二世帯住宅が登場して約40年。親世代が亡くなると、当然空きスペースができますが、「物置」にするだけでなく、有効に活用する方法もあります。

築30年前後の二世帯住宅

旭化成ホームズが築30年前後の二世帯住宅を調査したところ、親世帯が亡くなった世帯住宅のうち、入れ替わりに孫世帯が暮らしているのは24%。以下に、親世帯が亡くなった二世帯住宅に住んでいる割合を種類別に記しました。

子世帯のみ 33%
子世帯と単身の孫 43%
子世帯と孫世帯 19%
子世帯と孫世帯 5%

現在子世帯と同居している単身の孫が、将来結婚して同居する可能性もありますが、最終的に孫世帯に継承されるのは約50%と見られます。空いている1世帯分の用途は「物置」が最も多く、せっかくのスペースが活用されていないのが現状です。

リフォームによる空き部屋の活用方法

そんな中、空き部屋を有効活用している例を紹介します。

地域の人が集うカフェに

義母が亡くなり、1階部分が丸々空き、一時はお線香を上げるだけのガランとした空間になったAさん宅。「皆が集まりワイワイできる場所にしたい」と3人の子育て経験を活かし、数百万円かけてリフォーム。今では、子ども食堂や認知症の人とその家族が集う交流会、ミニコンサートなどのイベントを開く地域拠点になりました。

障害のある息子が暮らしやすい住まいを

亡父が暮らしていた1階の間仕切り壁を取り払い、キッチンと広いリビング、息子(18歳)の寝室を一体にするリフォームをしたBさん宅。下肢と視覚に障害のある息子の介護の負担を減らすためです。妻がメーカーに「キッチンで料理をしていても寝室にいる子どもが見えるようにしたい」と出した要望が、実現しました。以前は妻が息子を抱えて階段を上り下りしており、外出も一苦労。家にこもりがちの生活。リフォーム後は「家族そろって外食などに出かける機会もぐっと増えた」と喜んでいます。

メーカーの見解

二世帯住宅のリフォームについて、メーカー側はどのように考えているのでしょうか?

  • 世帯構成や生活スタイルは変化していくもの。将来のリフォームを想定して柱や筋交い(※)などは、新築時から外側に寄せて設計するとよい。
  • 水回りや玄関などの位置を動かす工事は、費用が高くなりやすい。将来リフォームの可能性があるなら、設計の段階で担当者に相談すべき。

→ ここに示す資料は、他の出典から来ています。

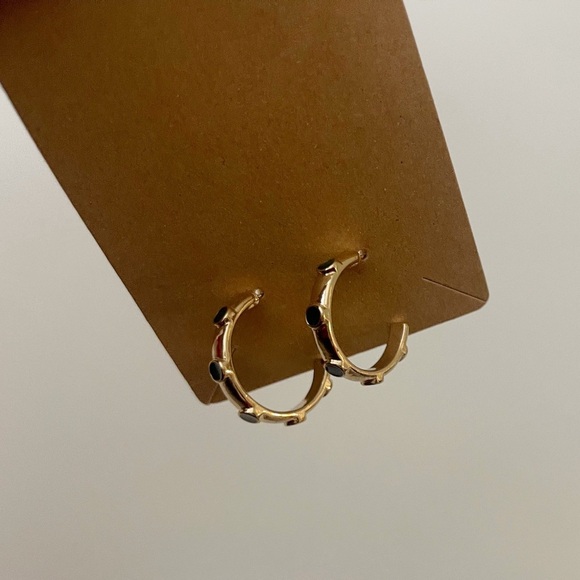 Gold and Green Hoop Earrings Casual Style - Picture 4 of 7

※すじかい:建物を強くするために、柱の間などに斜めに交差させて取り付けた材木。

最近住宅メーカー各社は、将来空いた1世帯分を賃貸住宅に転用しやすい設計プランなどを勧め始めています。築30年前後の二世帯住宅は、転換期に来ているようです。これから建てる方は、将来を是非見据えて欲しいと思います。